Ceci paraît étrange à dire à des chrétiens; le christianisme vivant, la religion de l'amour profond et dévoué, de l'amour éternel, n'est-il pas le principe des plus vives affections? Oui; et pourtant il faut que le chrétien aime sobrement, veillant sur son coeur pour le « garder des idoles; » il doit se rappeler que « la fin de toutes choses est proche, » de toutes les choses terrestres, même de celles du coeur, que Dieu peut juger bon de lui redemander ses plus chers trésors. « Soyez donc sobres. » - « Sobres, » il nous faut être aussi dans les jouissances de l'esprit. Non qu'il n'y ait un devoir positif à développer autant que possible nos facultés intellectuelles; mais une certaine réserve est nécessaire. On peut s'attacher aux recherches scientifiques, aux questions littéraires, à la culture des arts, de manière à y consacrer trop de temps et à quitter avec peine ces régions élevées pour revenir aux petits et prosaïques devoirs de la vie habituelle, qui est la vie sérieuse, le premier champ que Dieu ouvre à l'activité de tous.
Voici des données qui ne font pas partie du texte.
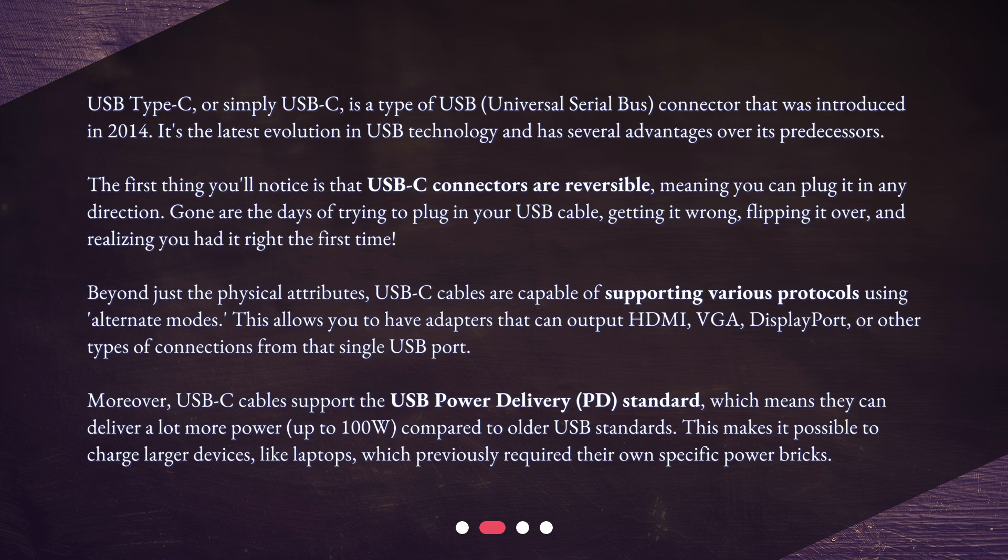Moreover, USB-C cables support the USB Power Delivery standard, which means they can deliver a lot more power — up to 100W — compared to older USB standards. This makes it possible to charge larger devices, like laptops, which previously required their own specific power bricks.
On peut perdre de vue le but pratique de la vie: on peut aussi, et bien facilement, tomber dans l'orgueil et oublier que les seules choses qui subsisteront toujours sont celles de la piété. « La fin de toutes choses est proche. » « Soyez donc sobres. » - L'expérience de tout chrétien sérieux et sincère lui fera reconnaître combien la sobriété est indispensable, combien elle est rare de nos jours, combien il faut veiller sur soi-même à cet égard. C'est ce qui fait le prix et l'importance de la recommandation par laquelle se termine notre texte : « Soyez vigilants dans la prière. » Prions pour être détachés de la terre en toutes choses, pour être rendus capables de nous affectionner aux choses qui sont en haut et non à celles qui sont sur la terre, pour avoir « nos reins ceints et nos lampes allumées. »
PRIÈRE.
Daigne nous rendre toi-même vigilants et sobres, ô notre Dieu. Tu fais de combien de tentations nous sommes entourés, et combien il nous est difficile de n'abuser de rien; tu sais que notre coeur est faible et que nous avons besoin que tu nous aides à le garder. Fais-nous sentir, rappelle-nous que nous n'avons pas ici de cité permanente parce que le monde passe avec sa convoitise; préserve-nous donc de nous endormir dans des jouissances propres à nous faire perdre de vue la vocation céleste qui est devant nous. Nous te supplions de faire en nous tout ce que tu vois nous être nécessaire, ô notre Dieu, de nous garder du mal et de nous affermir dans ta grâce en Jésus. Aide-nous à aimer en toi et selon toi ceux que tu nous donnes à aimer; fais-nous chercher ta gloire en toutes choses; donne-nous de te considérer en toutes nos voies pour que tu diriges nos sentiers. Exauce notre prière, ô notre Dieu, pour l'amour de ton Fils. Amen.